Source data:
((

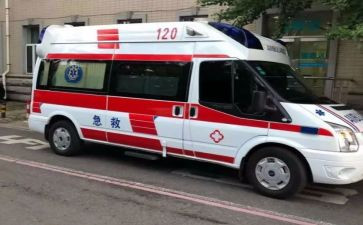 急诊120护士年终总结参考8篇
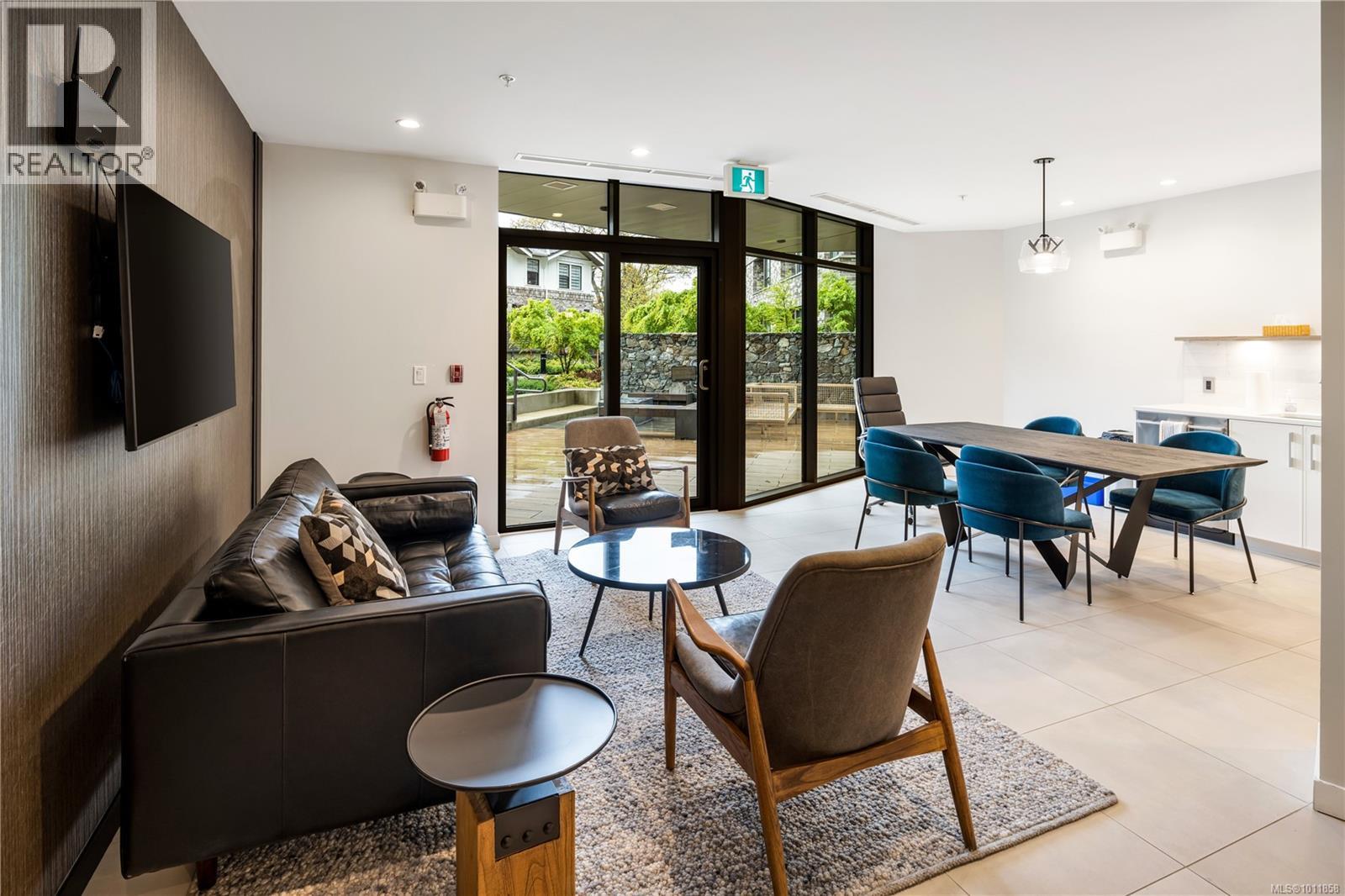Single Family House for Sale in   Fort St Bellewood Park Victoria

))
((

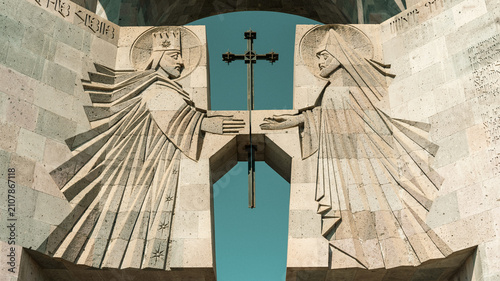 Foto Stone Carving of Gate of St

))
((

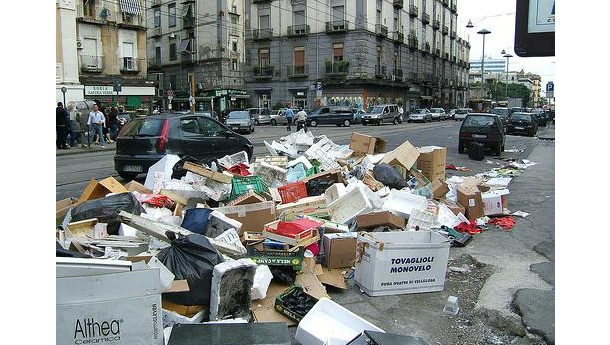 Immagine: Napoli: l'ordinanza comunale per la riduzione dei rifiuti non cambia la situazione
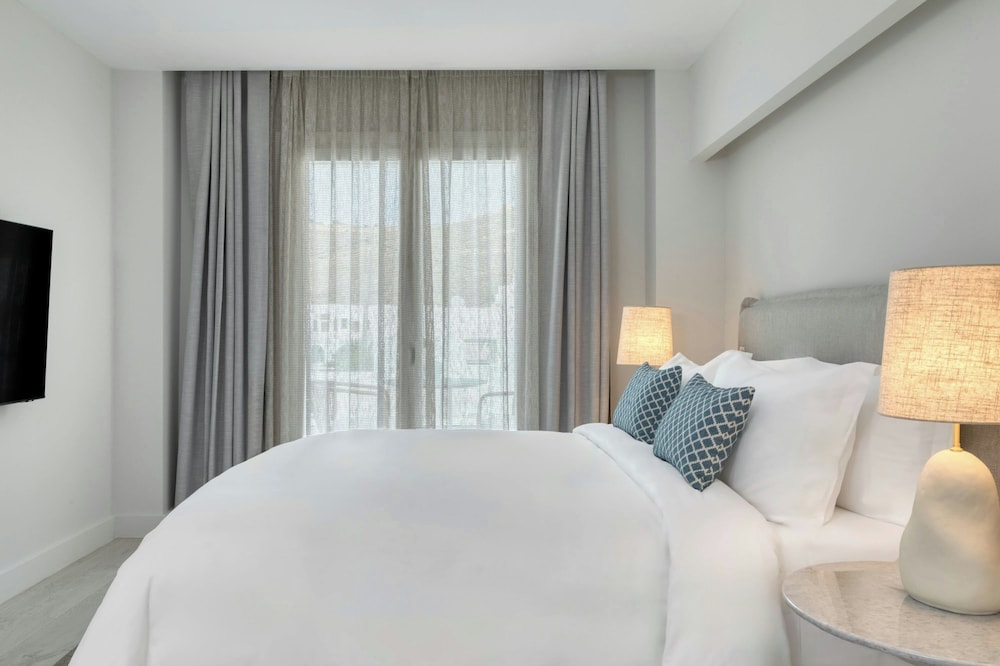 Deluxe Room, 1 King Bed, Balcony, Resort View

))

What the task asks: Copy nothing but the lines above that run from the one with "急诊120护士年终总结参考8篇" to the one with "Single Family House", ends included; pictures stay out.

Task response:
 急诊120护士年终总结参考8篇
Single Family House for Sale in   Fort St Bellewood Park Victoria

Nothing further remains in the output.